Records drawn from a dataset:
#####

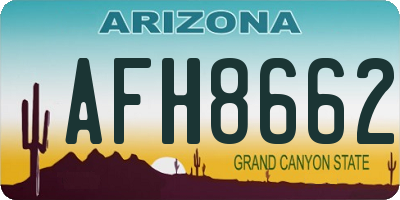 AZ license plate AFH8662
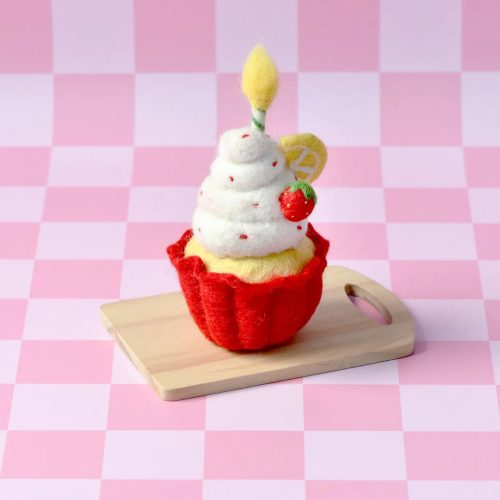 FeltGiantStrawberryCupcakewithCandle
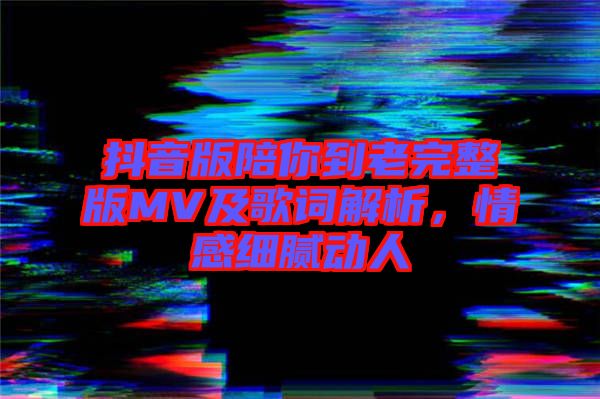 抖音版陪你到老完整版MV及歌詞解析，情感細膩動人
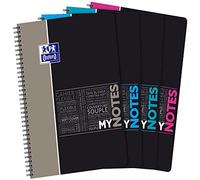 Oxford Cahier Etudiants MyNotes A4+ Petits Carreaux 5mm 160 Pages Reliure Intégrale Couverture Carte Couleurs Aléatoires 400156893 Gris/Bleu/Aqua/Rose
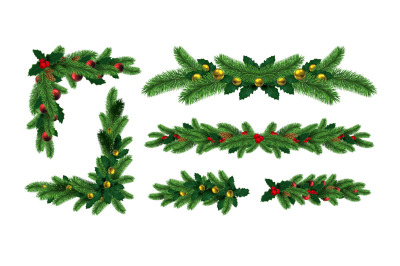 Realistic christmas tree garlands borders and frame corners. Win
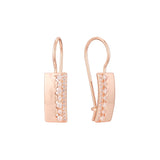 Aretes de gancho de alambre en Oro 14K, oro rosa, baño de dos colores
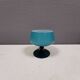 Vintage turquoise glass pedestal bowl Carlo Moretti Italy 1960s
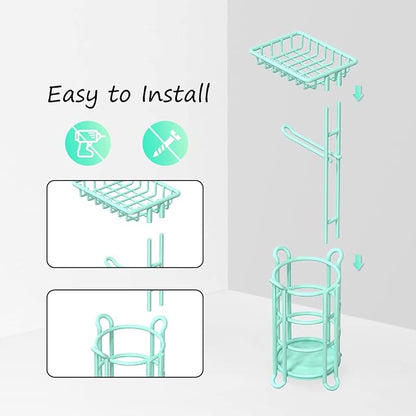 Toilet Paper Roll Holder Stand Nautical Bathroom Tissue Dispenser with Shelf for Larger Rolls-Mint
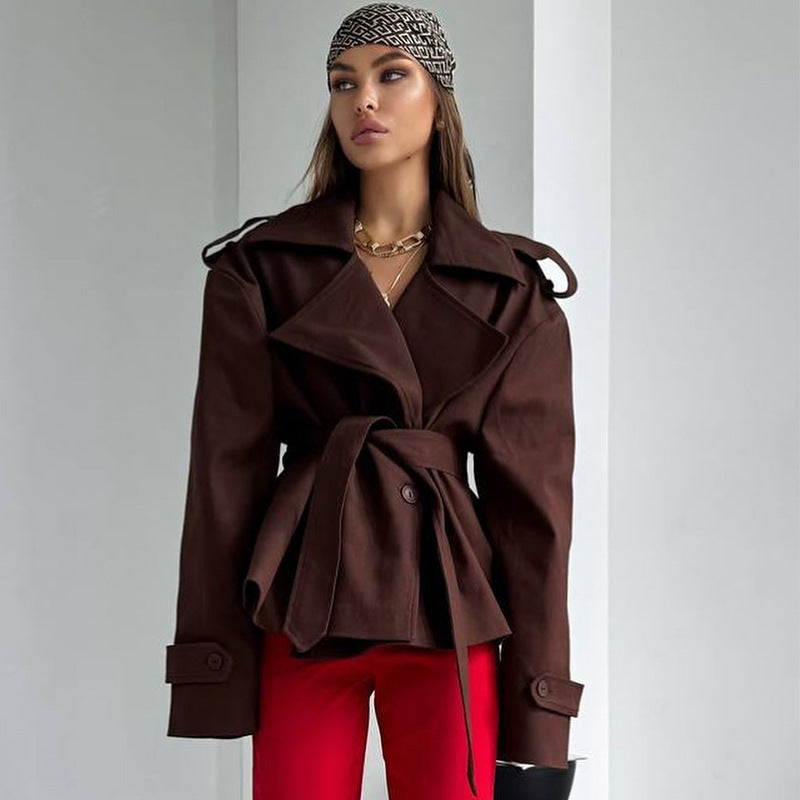 Damer Elegant Trenchcoat med midjebälte och vid passform Mirla-Eva Jonsson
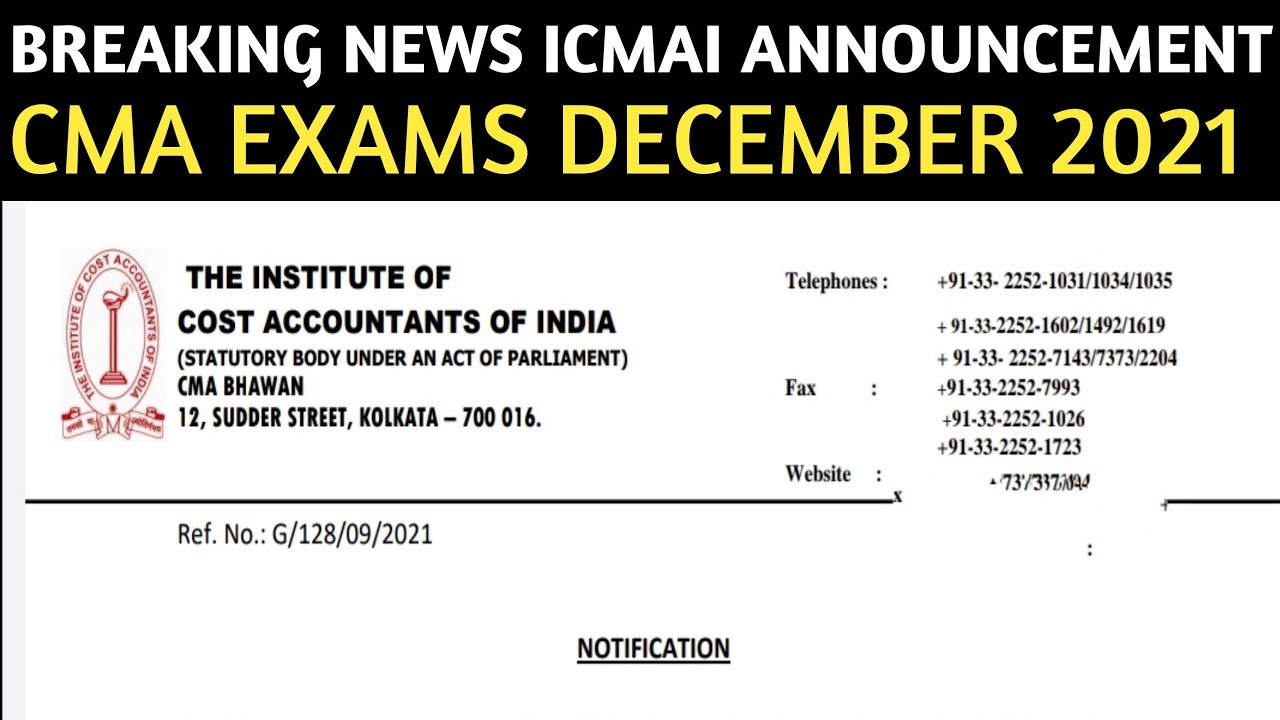 Breaking ICMAI Announcement | CMA Exams December 2021 | Foundation, inter And Final | Icmai exams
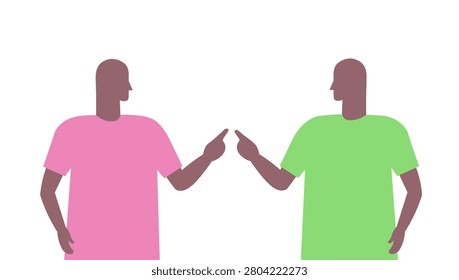 Blame game concept with two male silhouettes pointing fingers at each other. Mutual accusation depicted. Illustration of arguing men. Responsibility shifting visualization characters. Isolated vector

#####

_What needs to be done_
Leave out the images and write out the lines above exactly, from the one with "FeltGiantStrawberryCupcakewithCandle" up to and including the one with "Oxford Cahier Etudiants".

_Finished exercise_
 FeltGiantStrawberryCupcakewithCandle
 抖音版陪你到老完整版MV及歌詞解析，情感細膩動人
 Oxford Cahier Etudiants MyNotes A4+ Petits Carreaux 5mm 160 Pages Reliure Intégrale Couverture Carte Couleurs Aléatoires 400156893 Gris/Bleu/Aqua/Rose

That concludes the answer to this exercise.